Après le Sénat le 10 mai, les députés devraient à leur tour massivement voter la prolongation, pour deux mois, de ce régime d'exception controversé, jusqu'à fin juillet, pour assurer la sécurité de l'Euro-2016 et du Tour de France cycliste.
"La menace terroriste demeure à un niveau élevé et la France représente comme l'UE une cible", a justifié à l'ouverture des débats le ministre de l'Intérieur Bernard Cazeneuve.
En même temps, sur RTL, Manuel Valls a réaffirmé qu'il n'était pas question de "renoncer" à l’organisation de l'Euro et a assuré que "toutes les conditions ont été réunies" pour la sécurité des fan-zones.
L'état d'urgence, instauré par l'exécutif après les attentats du 13 novembre, avait déjà été prorogé de trois mois par le Parlement en novembre, puis encore en février.
Mais même si cette prolongation devrait être largement votée, les deux députés chargés de son contrôle, Jean-Frédéric Poisson (LR) et Dominique Raimbourg (PS) ont mis en doute son intérêt, notant dans leur dernier rapport publié mardi, qu'elle n'était plus motivée que "par le maintien de l'ordre public". Les assignations à résidence et les perquisitions administratives, si "elles ont été très utiles après les attentats", ne sont en effet plus beaucoup utilisées aujourd'hui.
Si ces deux élus saluent la volonté du gouvernement "d'en revenir aux perquisitions judiciaires", ils le mettent en garde contre cette utilisation de l'état d'urgence à des fins d'ordre public car "l'état d'urgence altère sensiblement le régime de la liberté de manifestation".
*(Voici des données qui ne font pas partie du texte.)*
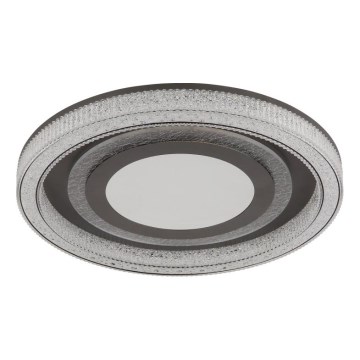 Globo - Plafonnier LED dimmable LED/48W/230V 2700-6000K Ø 48 cm anthracite + télécommande
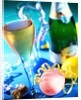 New Year's Party with Champagne by Anonymous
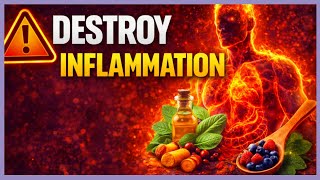 How to Destroy Inflammation Naturally (With Food)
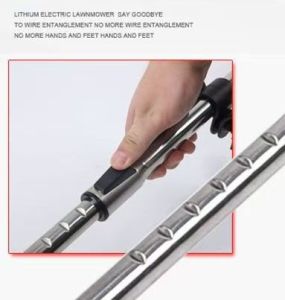 Goneco Lawn Mower Cordless Power Tool Original Heavy Duty Cordless Portable Electric replace lawn mower head rs755 motor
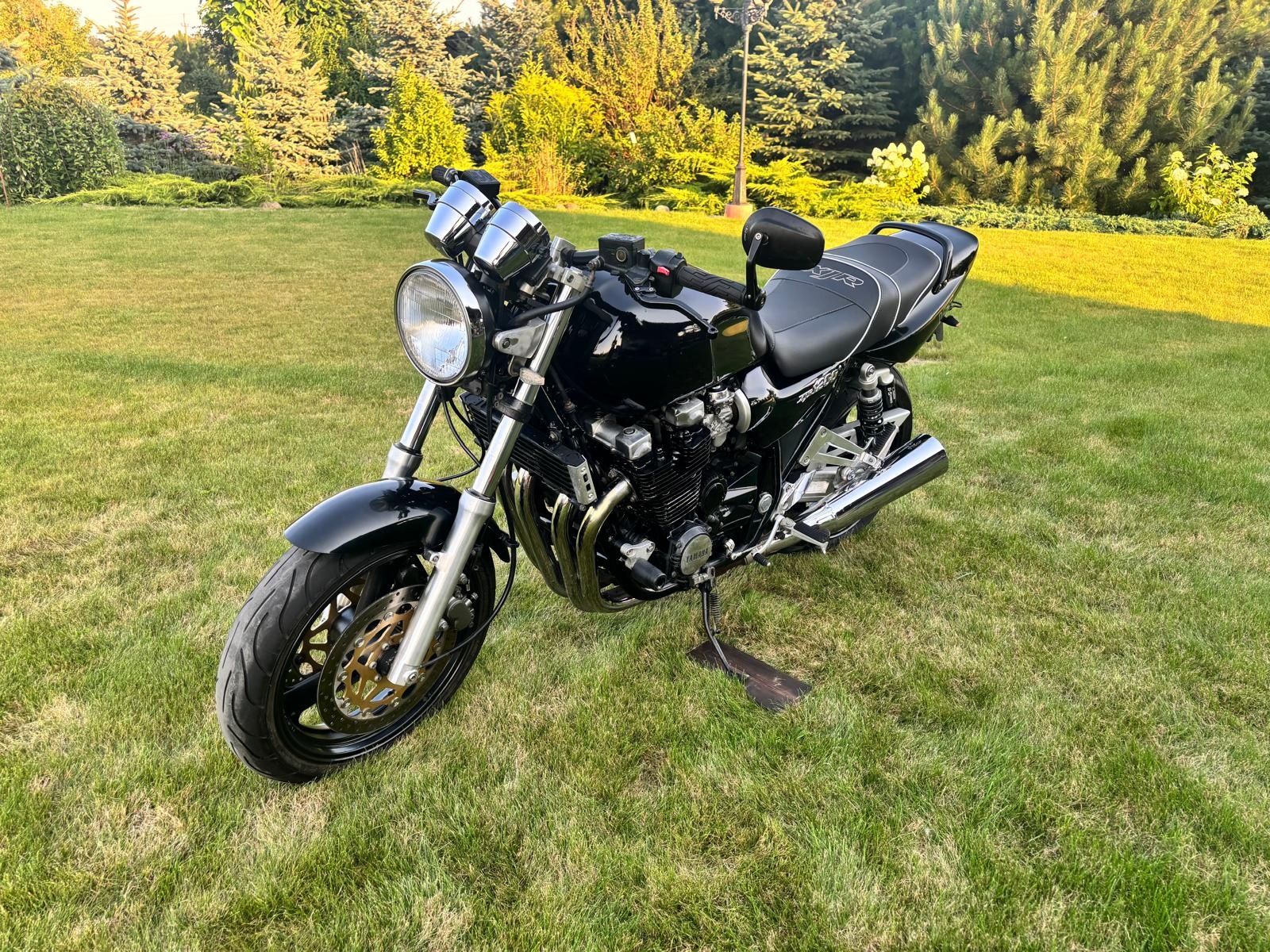 Yamaha XJR .Tylko 28 tys km  b. ladna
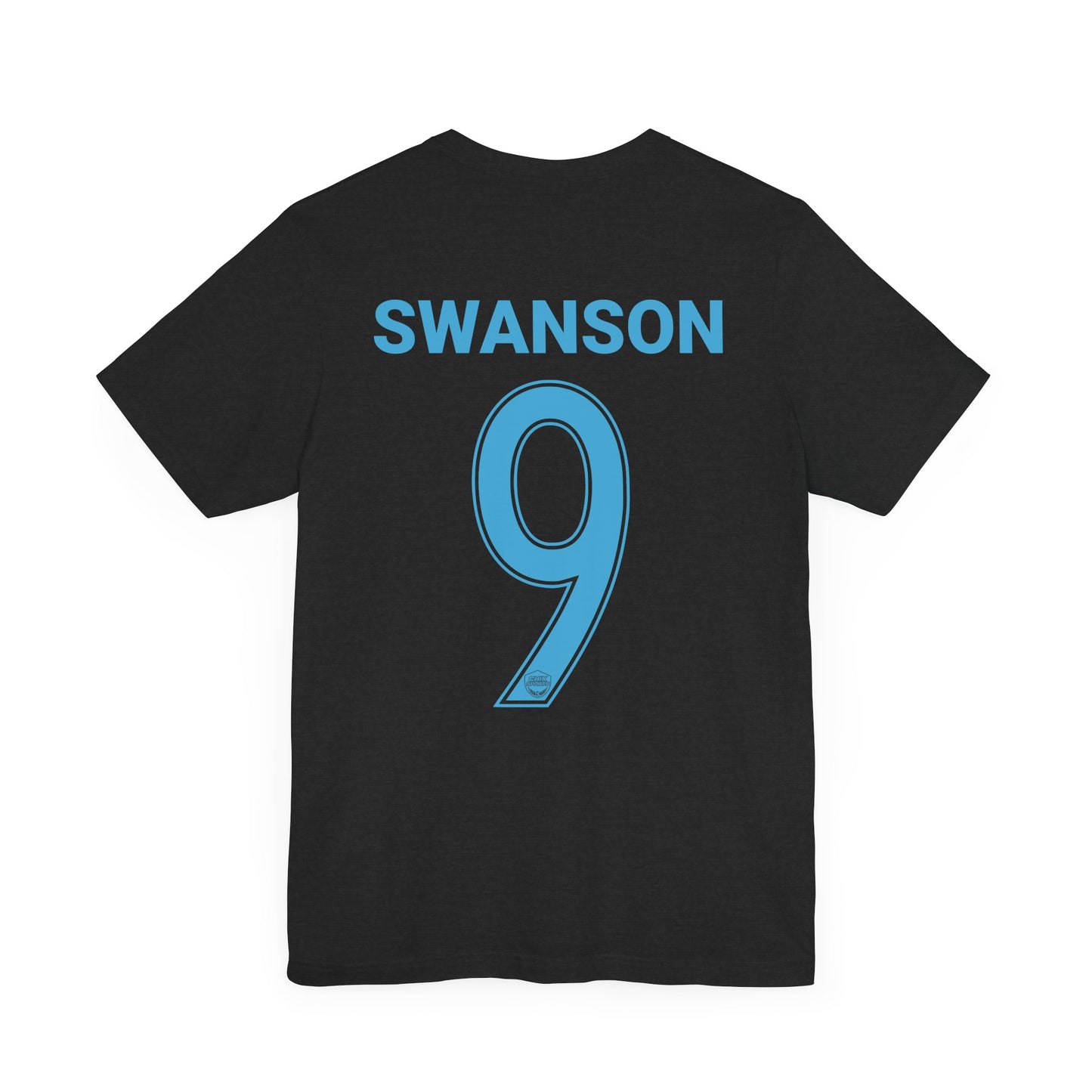 Mallory Swanson 9 Stars Soccer Softblend T-shirt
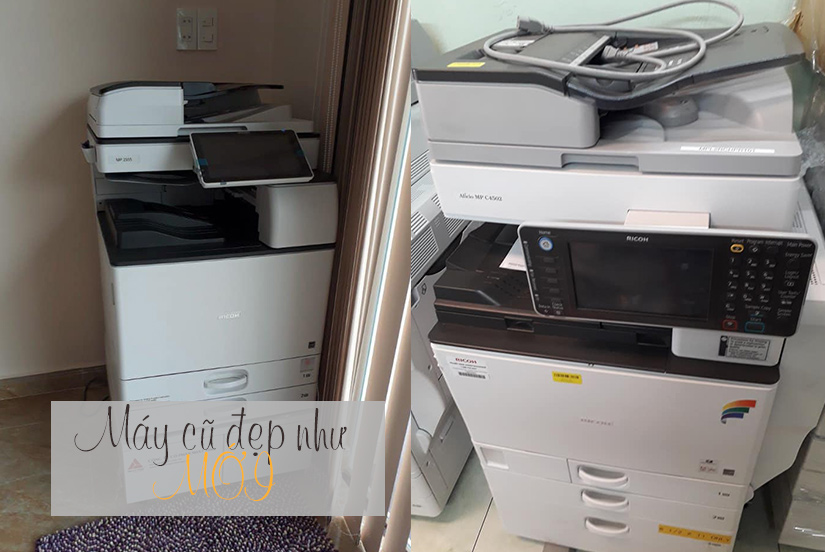 bán bán máy photocopy cũ tại quận 8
Il permet en effet aux préfets d'"interdire le séjour dans tout ou partie du département à toute personne cherchant à entraver, de quelque manière que ce soit, l'action des pouvoirs publics".
La préfecture de police de Paris avait ainsi pris de tels arrêtés d'interdiction de manifestation mardi à l'encontre d'une quarantaine de personnes "à l'origine ou associées à des faits de violence" lors de précédents rassemblements contre le projet de loi travail. Mais elle s'était fait désavouer par la justice administrative qui a suspendu neuf des arrêtés émis. Manuel Valls a néanmoins confirmé jeudi que de nouvelles listes de personnes interdites de se rendre à des manifestations seraient déposées par les autorités.
Si elle approuve la prolongation de l'état d'urgence, la droite continue cependant de reprocher au gouvernement de laisser "la chienlit s'installer", avec notamment en ligne de mire les rassemblements Nuit debout.
- Perpétuité 'incompressible' -
Cette fois-ci, l'état d'urgence sera prolongé de deux mois, pas de trois, parce que sera promulgué dans l'intervalle le projet de loi dit de réforme pénale, dont certaines mesures s'inspirent de l'état d'urgence.
Les députés vont en effet approuver définitivement jeudi le compromis trouvé avec les sénateurs sur ce texte, avant un ultime vote du Sénat le 25 mai.
"Ce n'est pas une transposition de l'état d'urgence, mais c'est un outil qui permet de se passer de l'état d'urgence", plaide le rapporteur PS à l'Assemblée Pascal Popelin, sur ce vaste projet de "lutte contre le crime organisé, le terrorisme et leur financement".
Parmi les dispositions majeures et controversées du projet de loi, la possibilité, lors d'un contrôle d'identité, de retenir en cas de soupçons terroristes une personne pendant quatre heures pour vérifier sa situation. Ou encore la possibilité d'assigner à résidence pendant un mois des individus de retour de "théâtre d'opérations de groupements terroristes", comme la Syrie, mais contre lesquels il n'y a pas d'éléments suffisants pour justifier une mise en examen.
Dans la discussion parlementaire ont été ajoutées plusieurs mesures. Outre la création d'une perpétuité "incompressible" pour les crimes terroristes (avec période de sûreté maximale relevée de 22 à 30 ans et des conditions d'aménagements de peine au-delà durcies), y figure l’élargissement des possibilités de fouilles intégrales des détenus en cas de soupçons d'intrusion d'objets illégaux comme des téléphones, ce qu'a dénoncé la contrôleure générale des prisons, Adeline Hazan.
Mais la majorité de gauche de l'Assemblée n'a pas suivi celle de droite du Sénat qui voulait supprimer la contrainte pénale, sanction alternative à la prison créée par la loi Taubira, ou instaurer une rétention de sûreté permettant de maintenir une personne enfermée même une fois la peine purgée.